The album tells a similar, but different story.

It begins with "Tangled Up in Blue," which again tells the whole story of the relationship, but in slices, like a Picasso or a fractured mirror. The other songs go into some element of the story in greater depth. Call it a "concept" album if you will. "Tangled Up In Blue" is the overture.

the end of all our exploring
Will be to arrive where we started
And know the place for the first time.


The lyrics begin with the storyteller reflecting about the girl, after the end of "part two" of the relationship:

"Early one mornin' the sun was shinin'
I was layin in bed, wonderin if she'd changed at all,
if her hair was still red."

(photo:Imax)

(footnote: my wife, my Sad Eyed Lady of the Lowlands, has red hair).

The teller begins reminiscing about "part two" of their relationship, before they got married.
"Her folks they said our lives together, sure was going to be rough" & etc. Basically he was a poor boy, had it hard.
"Lord knows I've paid my dues getting through _ tangled up in blue."

One of the other great things about this song to pay attention to is how long Dylan pauses before heading into the refrain, 'tangled up in blue' _ varying exquisitely, with each verse, for maximum effect.

So then the teller launches into the full story, from the beginning of "part one":

"She was married when we first met _ soon to be divorced"
(CLASSIC line!)

(clip)

"Helped her out of a jam I guess, but I used a little too much force.
We drove that car as far as we could, abandoned it out west,
split up on a dark sad night both agreeing it was best
She turned around and looked at me, as I was walking away
I hear her say over my shoulder we'll meet again someday...on the avenue...
tangled up in blue."


So that's the first meeting and breakup.

Then there's a verse describing his travels without her. I think this would stand alone as poetry, no? You have to speak it with a drawl for the rhyme scheme to work...maybe you have to be American to appreciate how well Dylan captures Southern expressions. I alter the spellings from 'proper' English to give the flavor.

(clip)

"I had a job in tha Great Nawth Woods, workin as a cook for a spell
But I never did like it awl that much and one day the axe jus' fell.
So I drifted down to New Orleans
Where I'z lucky 'nuff to be employed
Workin' for a while on a fishin' boat
Right outside of Delacroix.
But all the while I was alone
The past was close behind,
I seen a lot of women
But she never 'scaped my mind and I jus' grew
tangled up in blue."


(photo:eyestalk)

Then the story moves to their second meeting, with her working in a topless bar.
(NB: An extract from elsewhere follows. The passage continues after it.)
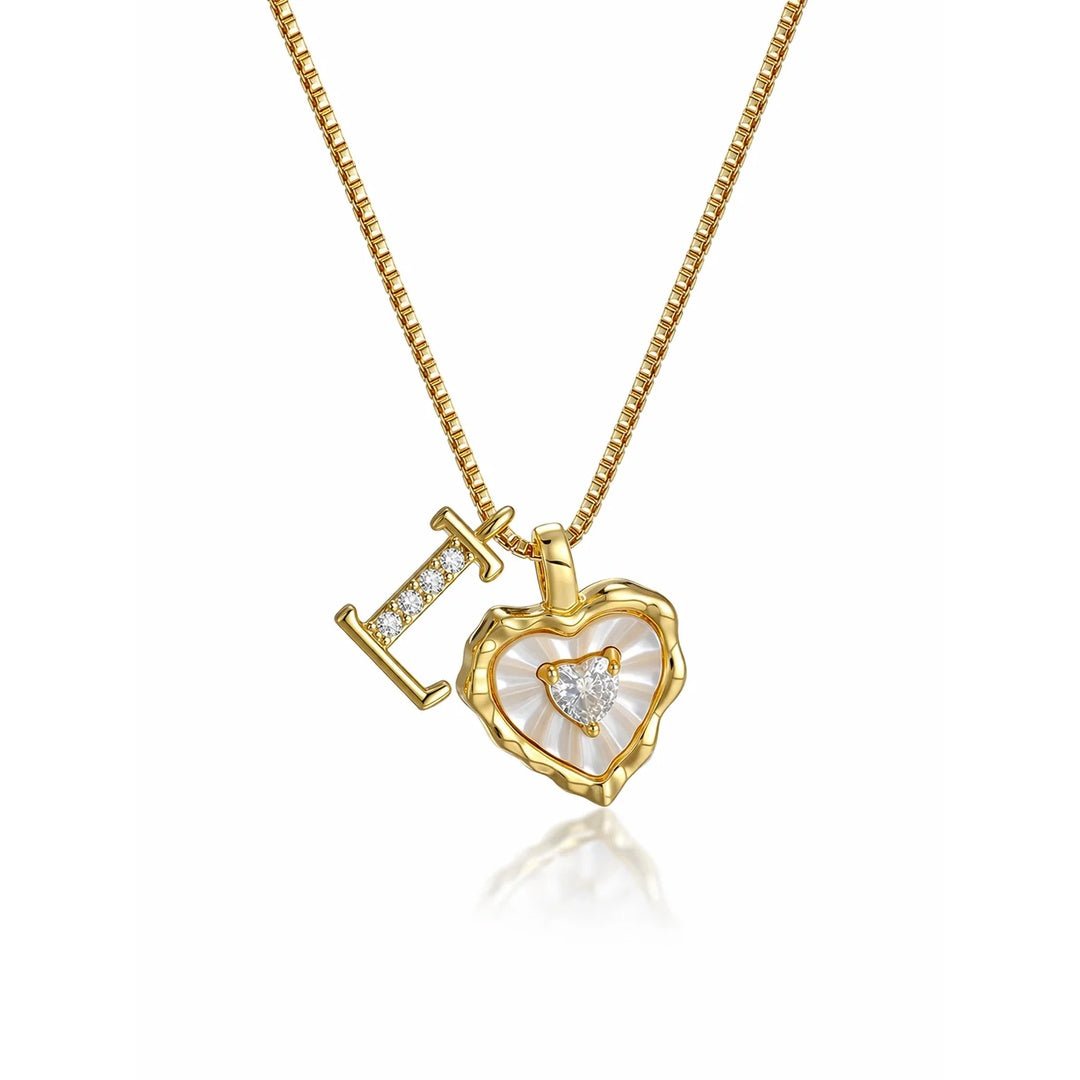 Collar de corazón nacarado con inicial personalizada - Moroveta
Sarah Lownds was a Playboy bunny _ that part of the story doesn't fit my biography obviously, but I understand the jealousy it implies about other men looking at her...

(clip)

"Later on, when the crowd thinned out,
I was just about to do the same,
She was standing there, in back of my chair
Said to me (Jimmy?) don't I know your name
I muttered something underneath my breath
She studied the lines on my face
I must admit, I felt a little uneasy when she bent down...to tie the laces...of my shoes...
Tangled up in blues"


I laughed out loud the first time I heard that line. Now I just love the timing of the delivery.

They go back to her place, and he relates what anybody who has ever fallen in love will recognize as the experience of two minds meeting.

(clip)

"She lit a burner on the stove, and offered me a pipe. 'I thought you'd never say hello,' she said, 'you look like the silent type.'
Then she opened up a book of poems and handed it to me
Written by an Italian poet, from the 13th century."

(I'm guessing Petrarch? Dylan had apparently never read it.)
"And every one of them words rang true and glowed like burnin' coal
pouring off of every page like it was written in my soul
from me to you,
Tangled up in blue."


That also gives me chills.

And now, jump shift to the most confusing verse.

"I lived with them on Montague street in a basement down the stairs
There was music in the cafes at night and revolution in the air"


The easiest explanation is, it's back to phase one, when he helped her out of a jam.
But my gut tells me he's talking about himself in both in the first and third person.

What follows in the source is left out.